Firstly, we train a KREG model for H\ :sub:`2`\ . For command line, prepare the input file :download:`h2_train_KREG.inp <files/h2_train_KREG.inp>`. 
Two auxiliary files are needed: :download:`h2.xyz <files/h2.xyz>` with XYZ geometries of hydrogen and :download:`E_FCI_451.dat <files/E_FCI_451.dat>` 
with labels (reference FCI/aug-cc-pV6Z energies in Hartree). The trained model will be saved in ``energies.unf``.

.. code-block::

    # h2_train_KREG.inp
    createMLmodel           # Specify the task for MLatom
    MLmodelType=KREG        # Specify the model type
    MLmodelOut=energies.unf # Save model in energies.unf
    XYZfile=h2.xyz          # File with XYZ geometries
    Yfile=E_FCI_451.dat     # The file with FCI energies 
    sigma=opt               # Optimize hyperparameter sigma
    lgSigmaL=-4             # Lower bound of log2(sigma)
    lambda=opt              # Optimize hyperparameter lambda

And then run it:

.. code-block::

    mlatom h2_train_KREG.inp

In Python, we as well as need to provide the same two auxiliary files.

.. code-block::

    import mlatom as ml

    # load data set
    molDB = ml.data.molecular_database.from_xyz_file('h2.xyz')
    molDB.add_scalar_properties_from_file('E_FCI_451.dat', 'energy')

    # define the model
    model = ml.models.kreg(model_file='energies')
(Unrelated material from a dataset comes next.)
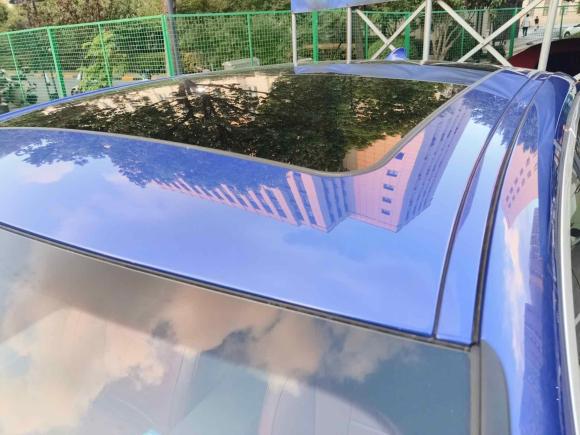 [上海·沪F] 二手宝马宝马3系2021款 改款 320Li M运动套装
    # split data set for optimizing hyperparameters
    [subtraining_molDB, validation_molDB] = ml.data.sample(number_of_splits=2, fraction_of_points_in_splits=[0.8, 0.2], molecular_database_to_split=molDB, sampling='random')

    # optimize hyperparameters
    model.hyperparameters["sigma"].minval = 2**-4
    model.optimize_hyperparameters(subtraining_molecular_database=subtraining_molDB,
                                         validation_molecular_database=validation_molDB,
                                         optimization_algorithm='nelder-mead',
                                         hyperparameters=['lambda', 'sigma'],
                                         training_kwargs={'property_to_learn': 'energy'},
                                         prediction_kwargs=None)
    lmbd = model.hyperparameters['lambda'].value
    sigma = model.hyperparameters['sigma'].value
    print(f'Optimized hyperparameters: lambda={lmbd}, sigma={sigma}')

    # train the final model
    model.train(molecular_database=molDB, property_to_learn='energy')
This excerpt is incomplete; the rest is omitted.